Coronary stent CD31-mimetic coating

  

Coronary stent CD31-mimetic coating favours endothelialization and reduces local inflammation and neointimal development in vivo

Diaz-Rodriguez S, Rasser C, Mesnier J, Chevallier P, Gallet R, Choqueux C, Even G, Sayah N, Chaubet F, Nicoletti A, Ghaleh B, Feldman LJ, Mantovani D, Caligiuri G

2021 • Eur Heart J• [pdf]


AIMS: The rapid endothelialization of bare metal stents (BMS) is counterbalanced by inflammation-induced neointimal growth. Drug-eluting stents (DES) prevent leukocyte activation but impair endothelialization, delaying effective device integration into arterial walls. Previously, we have shown that engaging the vascular CD31 co-receptor is crucial for endothelial and leukocyte homeostasis and arterial healing. Furthermore, we have shown that a soluble synthetic peptide (known as P8RI) acts like a CD31 agonist. The aim of this study was to evaluate the effect of CD31-mimetic metal stent coating on the in vitro adherence of endothelial cells (ECs) and blood elements and the in vivo strut coverage and neointimal growth.

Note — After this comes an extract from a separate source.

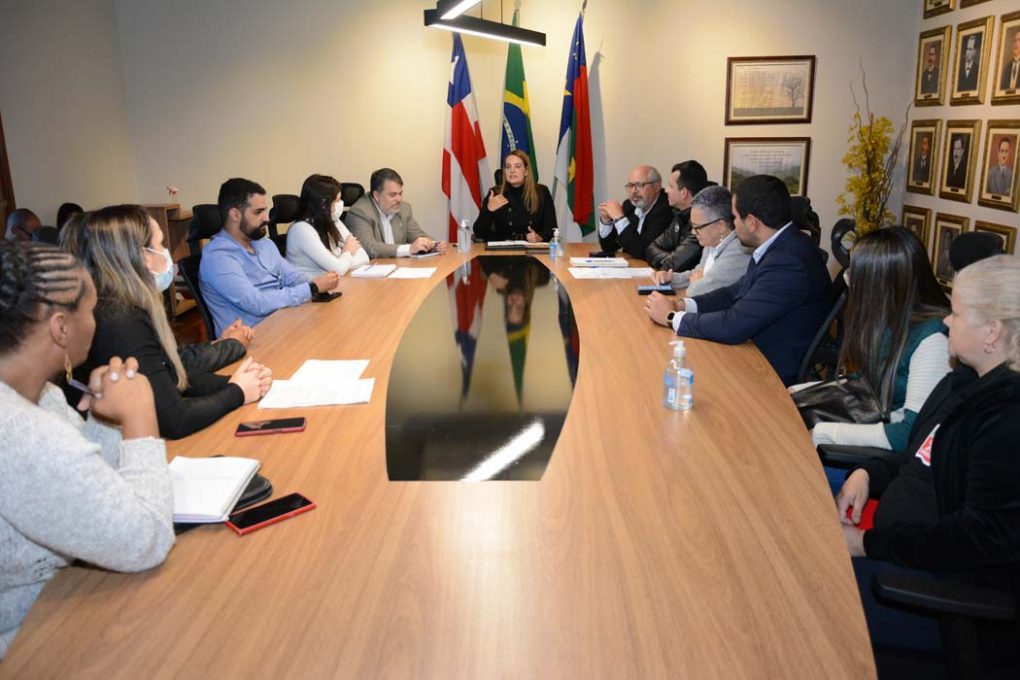 Prefeitura de Vitória da Conquista apresenta proposta de piso salarial para monitores escolares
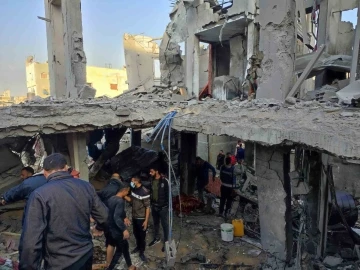 İsrail, Maghazi Mülteci Kampı’nı vurdu: 10 Filistinli hayatını kaybetti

METHODS AND RESULTS: We produced Cobalt Chromium discs and stents coated with a CD31-mimetic peptide through two procedures, plasma amination or dip-coating, both yielding comparable results. We found that CD31-mimetic discs significantly reduced the extent of primary human coronary artery EC and blood platelet/leukocyte activation in vitro. In vivo, CD31-mimetic stent properties were compared with those of DES and BMS by coronarography and microscopy at 7 and 28 days post-implantation in pig coronary arteries (n = 9 stents/group/timepoint). Seven days post-implantation, only CD31-mimetic struts were fully endothelialized with no activated platelets/leukocytes. At day 28, neointima development over CD31-mimetic stents was significantly reduced compared to BMS, appearing as a normal arterial media with the absence of thrombosis contrary to DES.

CONCLUSION: CD31-mimetic coating favours vascular homeostasis and arterial wall healing, preventing in-stent stenosis and thrombosis. Hence, such coatings seem to improve the metal stent biocompatibility.